Amano further noted that IAEA inspectors have full access to all locations required to verify the deal's implementation.
Under the agreement, reached between Iran and the P5+1 group of countries (the United States, the United Kingdom, Russia, France, and China— plus Germany) in 2015, Tehran undertook to put limits on its nuclear program in exchange for the removal of nuclear-related sanctions.
— International Atomic Energy Agency (@iaeaorg)
3 avril 2019
United States President Donald Trump, however, withdrew Washington from the landmark agreement last May and decided to re-impose what it described as the "toughest" sanctions ever against Tehran. The sanctions targeted Iran's banking and energy sectors with the aim of cutting off the country's oil sales and crucial exports.
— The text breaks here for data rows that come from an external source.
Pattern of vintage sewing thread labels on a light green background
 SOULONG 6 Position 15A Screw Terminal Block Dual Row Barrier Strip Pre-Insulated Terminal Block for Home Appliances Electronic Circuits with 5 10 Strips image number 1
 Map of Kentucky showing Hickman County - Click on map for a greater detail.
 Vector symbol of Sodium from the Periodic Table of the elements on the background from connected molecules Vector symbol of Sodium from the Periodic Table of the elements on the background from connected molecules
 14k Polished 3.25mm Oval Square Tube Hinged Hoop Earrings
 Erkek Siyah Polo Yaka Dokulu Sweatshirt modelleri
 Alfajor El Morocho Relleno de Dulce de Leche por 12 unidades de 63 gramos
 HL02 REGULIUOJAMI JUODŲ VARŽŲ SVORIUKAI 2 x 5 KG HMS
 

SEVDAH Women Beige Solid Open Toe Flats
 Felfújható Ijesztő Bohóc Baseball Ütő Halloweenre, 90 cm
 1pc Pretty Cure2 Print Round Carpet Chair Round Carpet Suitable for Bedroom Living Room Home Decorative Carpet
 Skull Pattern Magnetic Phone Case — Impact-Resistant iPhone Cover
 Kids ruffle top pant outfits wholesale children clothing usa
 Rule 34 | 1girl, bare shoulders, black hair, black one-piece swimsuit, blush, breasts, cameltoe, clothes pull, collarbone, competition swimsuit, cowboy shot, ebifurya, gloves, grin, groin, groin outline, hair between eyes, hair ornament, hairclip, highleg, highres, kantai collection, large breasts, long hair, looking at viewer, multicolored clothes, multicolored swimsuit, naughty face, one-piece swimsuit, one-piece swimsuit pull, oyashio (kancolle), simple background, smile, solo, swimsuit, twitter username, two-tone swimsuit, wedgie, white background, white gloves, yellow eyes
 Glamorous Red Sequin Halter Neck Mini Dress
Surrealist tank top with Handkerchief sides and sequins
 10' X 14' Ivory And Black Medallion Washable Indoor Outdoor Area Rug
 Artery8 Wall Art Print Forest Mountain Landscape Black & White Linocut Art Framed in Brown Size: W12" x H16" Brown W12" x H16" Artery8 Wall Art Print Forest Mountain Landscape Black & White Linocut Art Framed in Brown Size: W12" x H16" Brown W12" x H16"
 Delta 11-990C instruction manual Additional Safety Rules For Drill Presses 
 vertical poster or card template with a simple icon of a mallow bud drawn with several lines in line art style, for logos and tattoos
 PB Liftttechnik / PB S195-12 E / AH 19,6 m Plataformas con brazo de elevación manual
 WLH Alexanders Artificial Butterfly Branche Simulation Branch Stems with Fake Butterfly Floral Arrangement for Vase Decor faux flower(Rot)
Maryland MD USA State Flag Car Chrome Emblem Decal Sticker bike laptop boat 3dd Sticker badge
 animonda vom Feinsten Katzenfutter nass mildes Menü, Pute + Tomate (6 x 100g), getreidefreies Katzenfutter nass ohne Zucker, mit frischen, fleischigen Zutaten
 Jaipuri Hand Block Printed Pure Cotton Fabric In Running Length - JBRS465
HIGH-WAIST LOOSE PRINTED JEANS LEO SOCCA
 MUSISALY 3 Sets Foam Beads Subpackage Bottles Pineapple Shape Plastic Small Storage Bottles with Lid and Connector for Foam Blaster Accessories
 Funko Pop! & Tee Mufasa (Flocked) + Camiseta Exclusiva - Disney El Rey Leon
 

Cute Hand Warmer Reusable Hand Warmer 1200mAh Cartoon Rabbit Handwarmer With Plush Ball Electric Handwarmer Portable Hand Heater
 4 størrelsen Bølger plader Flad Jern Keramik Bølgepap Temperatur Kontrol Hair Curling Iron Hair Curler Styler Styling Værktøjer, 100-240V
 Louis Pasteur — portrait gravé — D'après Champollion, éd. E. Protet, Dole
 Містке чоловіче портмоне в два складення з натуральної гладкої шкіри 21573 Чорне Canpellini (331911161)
Amano's remarks came as the U.S. special representative for Iran says Washington forgoes its search for additional foreign waivers to nations importing Iranian oil.
Despite Washington's measures, Iran has not left the deal, stressing that the remaining signatories to the agreement have to work to offset the negative impacts of the U.S. pullout for Iran if they want Tehran to remain committed to it. In the Inter Press Service (IPS) LobeLog, Paul R. Pillar, a non-resident senior fellow at the Center for Security Studies at Georgetown University and an associate fellow of the Geneva Center for Security Policy, explains, "Iran is making decisions within a larger context in which not Iran, but instead the United States under Trump, is the isolated actor. It is not just Iran but all the non-U.S. parties to the JCPOA that are committed to its preservation."
Remaining European signatories unveiled the Instrument in Support of Trade Exchanges (INSTEX) earlier this year after spending months discussing possible mechanisms to guarantee continued trade and bypass the extraterritoriality of U.S. sanctions.
Germany, France and the U.K. have officially set up a European mechanism called INSTEX to facilitate non-dollar trade with Iran in January, 2019.